1-Tenho um grupo de amigas. Poucas são mais idosas que eu. Abaixo da minha idade, a maioria. Jovens? Algumas…
Nós brincamos de regras. As mais novas devem cuidar das mais velhas…Nosso grupo é aberto a novas
pessoas que vão chegando; namorados (as) dos filhos, netos, noras, genros, a gente vai agregando…tem espaço para todo mundo.
As regras são fictícias e criadas na ocasião necessária, tipo: ahh, foram só duas de nós ao shopping? Regra: não fique enciumado se foram só elas duas, o que alegra uma amiga deve alegrar todas!
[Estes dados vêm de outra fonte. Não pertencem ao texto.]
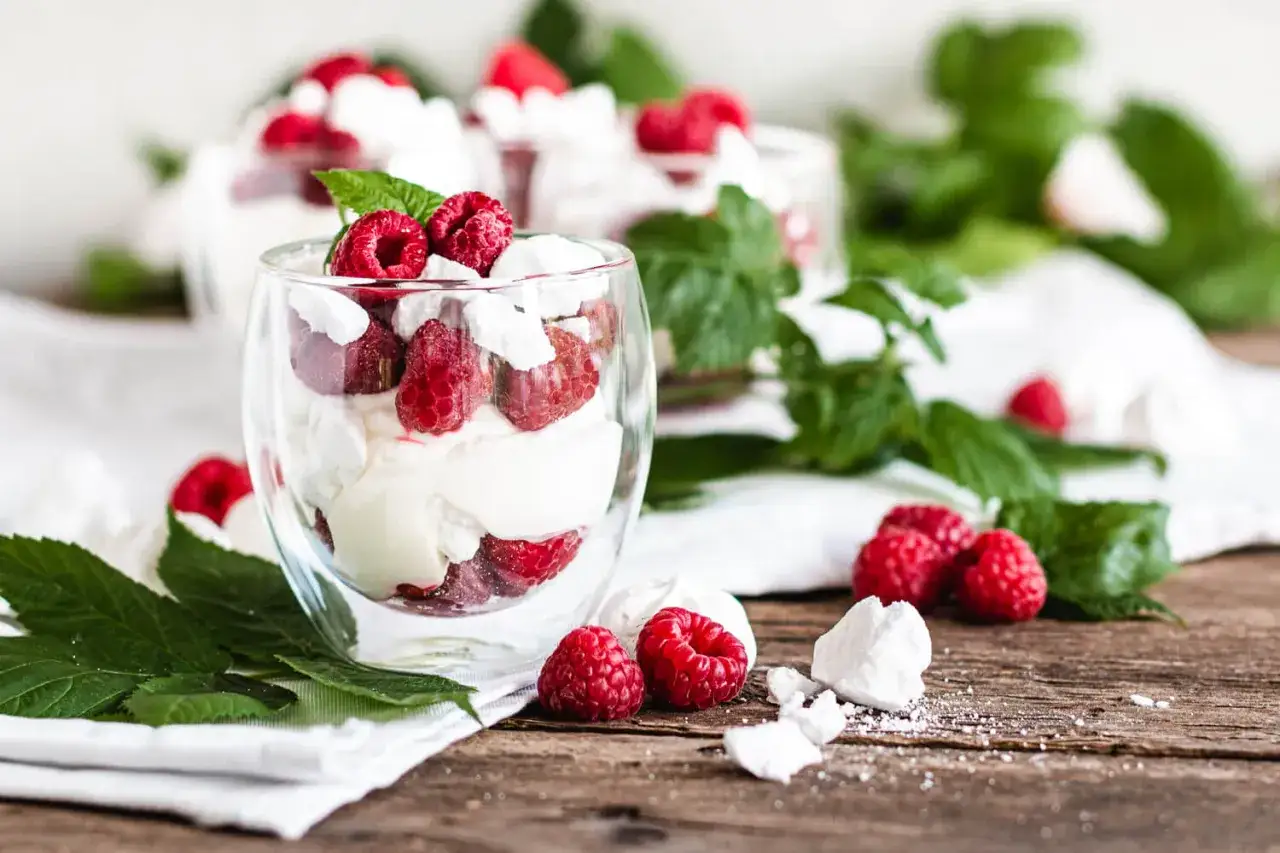 Himbeer Baiser Dessert im Glas: cremige Schicht, frische Himbeeren und zarte Baiser-Stücke. Ein leichter Genuss.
Seu marido tá um chato? Regra: nós aturamos numa boa, essa mala sem alça é só sua, mas o grupo é amigo do casal! Outra: três reuniões e a amiga não apareceu? Multa nela: A próxima reunião será em sua casa!
E assim por diante. Brincadeiras à parte, vamos nos animando, nos falando, e levando a vida.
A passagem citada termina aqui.